In tree data structures, there are three commonly used types of traversals: pre-order, in-order, and post-order. These traversal techniques define the order in which the nodes of a tree are visited. A tree can be traversed in the following ways:
- In-order Traversal
- Pre-order Traversal
- Post-order Traversal
Post-order Traversal in Trees
Post-order traversal is a way to visit all the nodes of a tree in a specific order. Traversing a binary tree in post-order means visiting the nodes in the following order:
1. Traverse the left subtree.
2. Traverse the right subtree.
3. Visit the root node.
Post-order traversal visits the current node after its children.
Post-order traversal is commonly used in scenarios where we need to perform operations that require visiting the subtrees before visiting the root node. It can be used, for example, to delete the tree or to perform certain calculations that rely on the values of the child nodes.
Here's an example of a post-order traversal of a tree:
The post-order traversal of this tree would result in the following sequence of numbers: 3, 1, 6, 4, 2, 7, 9, 8, 5.
Implementation of Post-order Traversal in C++:
#include <iostream>
using namespace std;
struct TreeNode {
int data;
TreeNode* left;
TreeNode* right;
};
TreeNode* createNode(int data) {
TreeNode* newNode = new TreeNode;
newNode->data = data;
newNode->left = nullptr;
newNode->right = nullptr;
return newNode;
}
void postOrderTraversal(TreeNode* root) {
if (root != nullptr) {
postOrderTraversal(root->left);
postOrderTraversal(root->right);
cout << root->data << " ";
}
}
int main() {
// Create the tree
TreeNode* root = createNode(5);
root->left = createNode(2);
root->right = createNode(8);
root->left->left = createNode(1);
root->left->right = createNode(4);
root->right->left = createNode(7);
root->right->right = createNode(9);
root->left->left->left = createNode(3);
root->left->right->right = createNode(6);
// Perform post-order traversal
cout << "Post-order traversal: ";
postOrderTraversal(root);
cout << endl;
return 0;
}
Output:
Post-order traversal: 3 1 6 4 2 7 9 8 5
In the above code, the 'postOrderTraversal' function is defined to perform the post-order traversal of the binary tree.

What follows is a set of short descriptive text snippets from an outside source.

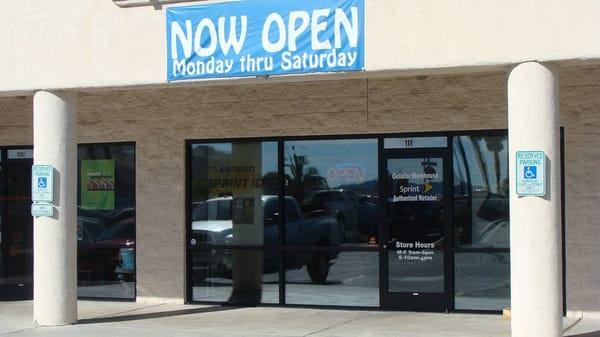 Cellular Warehouse is located in Smith's Plaza on McCulloch Blvd, Lake Havasue City, AZ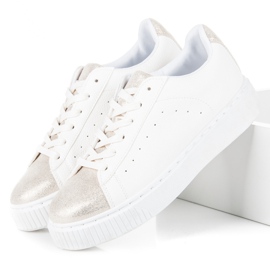 Vázané tenisky s hadím potiskem bílý 2 Vázané tenisky s hadím potiskem bílý 2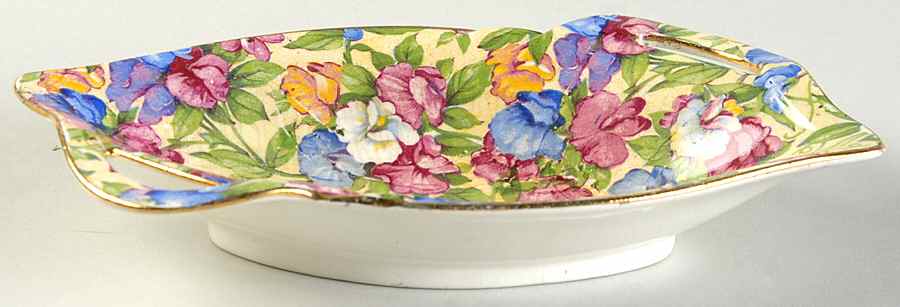 Sweet Pea 7" Oval Nut Dish by Royal Winton-1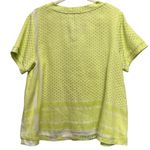 NWT Cecilie Copenhagen Women’s Short Sleeve 100% Cotton Top Size Large Green Photo 3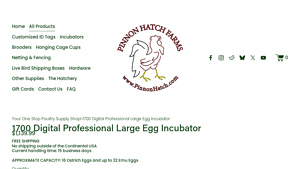 Pinnon Hatch - 1700 GQF Large Egg Incubator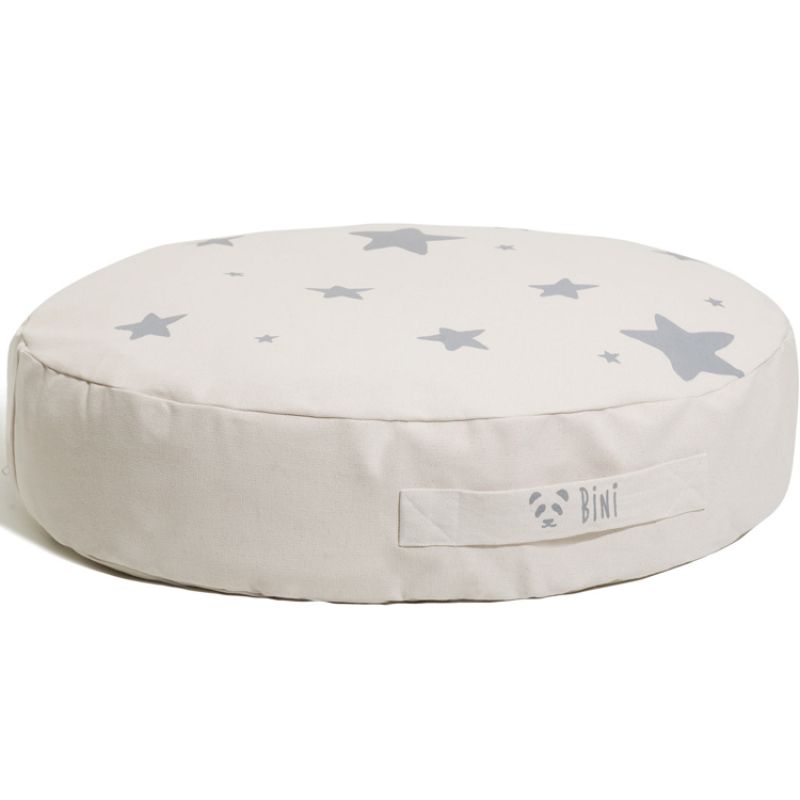 Pouf coussin de sol étoile gris (72 x 18 cm) BINI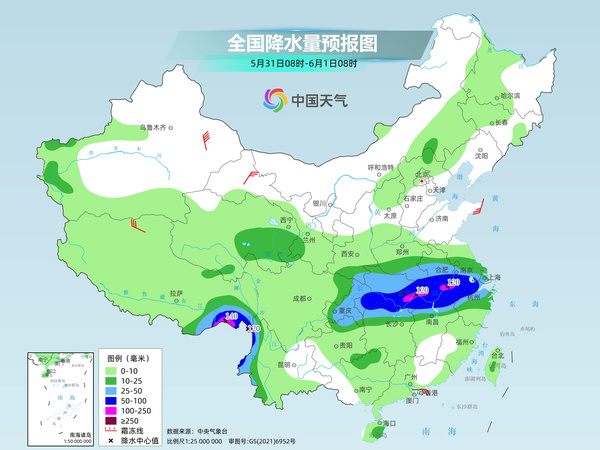 端午假期长江中下游部分地区有大暴雨 华南高温冒头需注意防暑 端午假期长江中下游部分地区有大暴雨 华南高温冒头需注意防暑
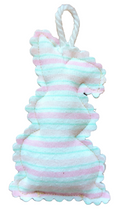 Load image into Gallery viewer, Decorative Fabric Bunny Ornaments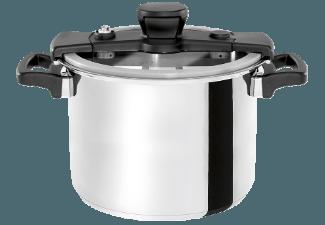 COOKVISION BY B/R/K 506514100 Sizzle Topf inkl. Deckel (18/10 Edelstahl, Silikon), COOKVISION, BY, B/R/K, 506514100, Sizzle, Topf, inkl., Deckel, 18/10, Edelstahl, Silikon,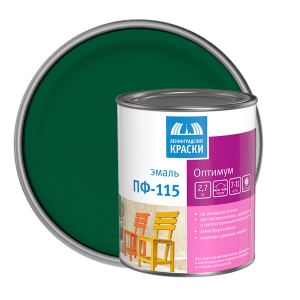 ТЕКС ОПТИМУМ ПФ 115 эмаль алкидная, универсальная, глянцевая, темно-зеленый (2,7кг)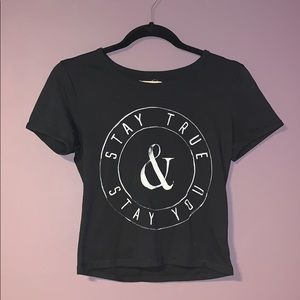 Hollister S Black Graphic Tee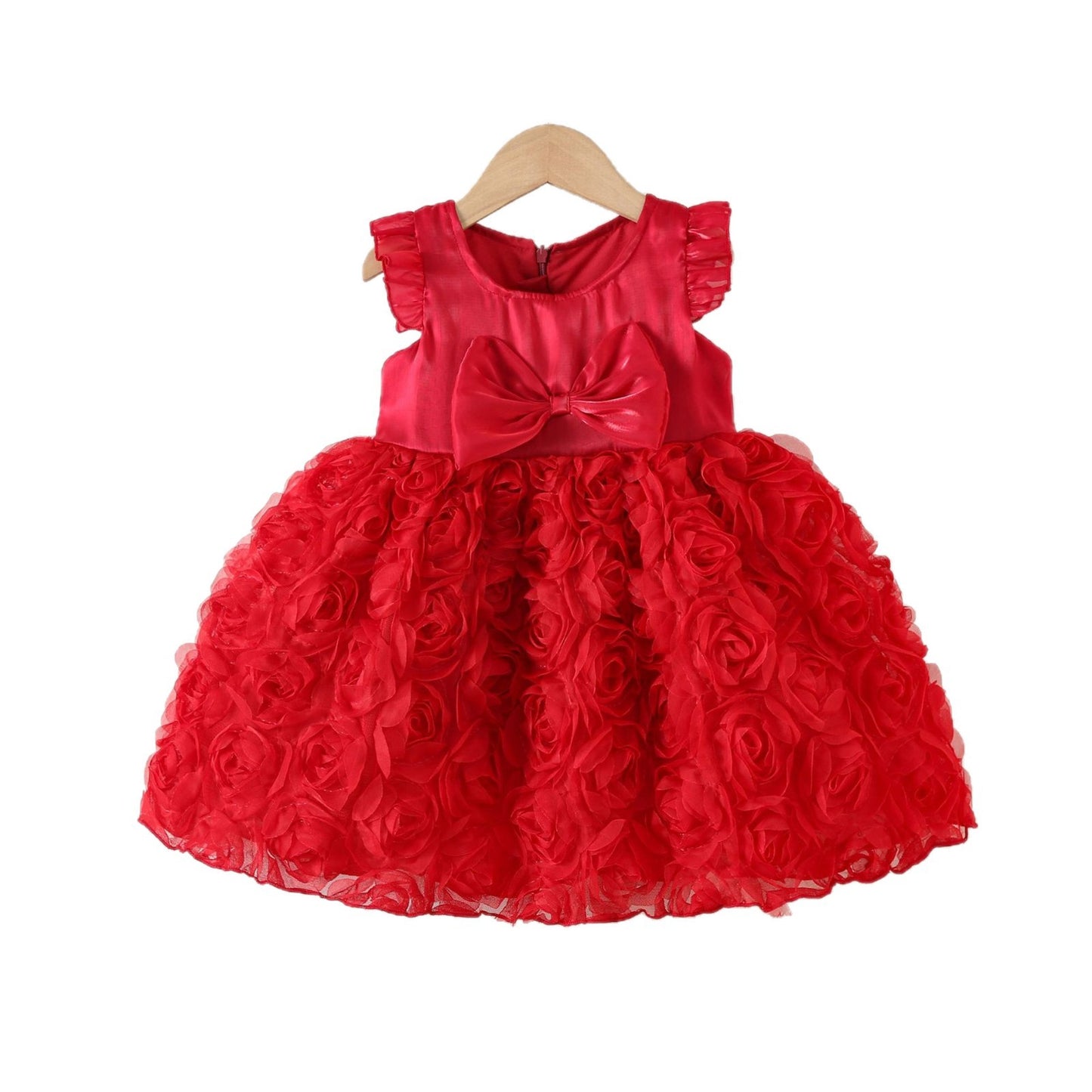 Children's Summer Western Style Lace Mesh Vest Children's Dress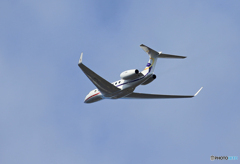 「青」☆ Private G650  T7-ARN 離陸です 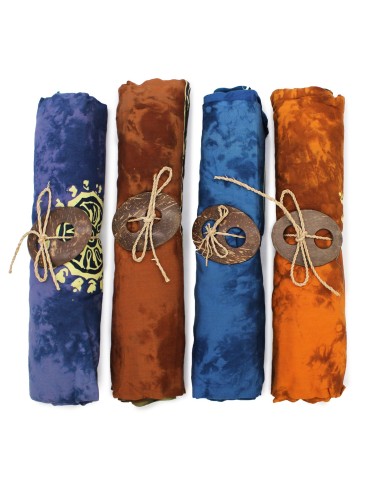 Pareo celtique de Bali – Pièces porte-bonheur (couleurs assorties)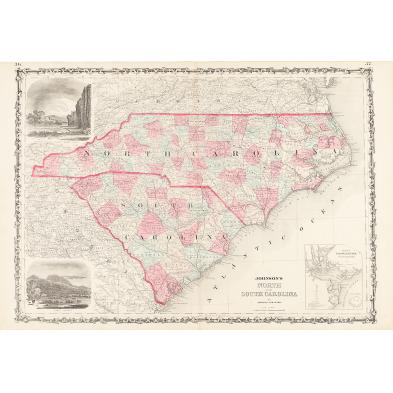 19th-century-map-of-the-carolinas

It recursively calls itself on the left subtree, then on the right subtree, and finally prints the data of the current node.
In the `main` function, the binary tree is created using the 'createNode' function, similar to the previous example.
After creating the tree, the ‘postOrderTraversal’ function is called with the root of the tree as the argument. This will traverse the tree in post-order fashion and print the node values.
Post-order traversal is particularly useful when we need to perform operations on the subtrees before processing the root node. It ensures that the left and right subtrees are visited before the root, allowing us to implement complex operations efficiently.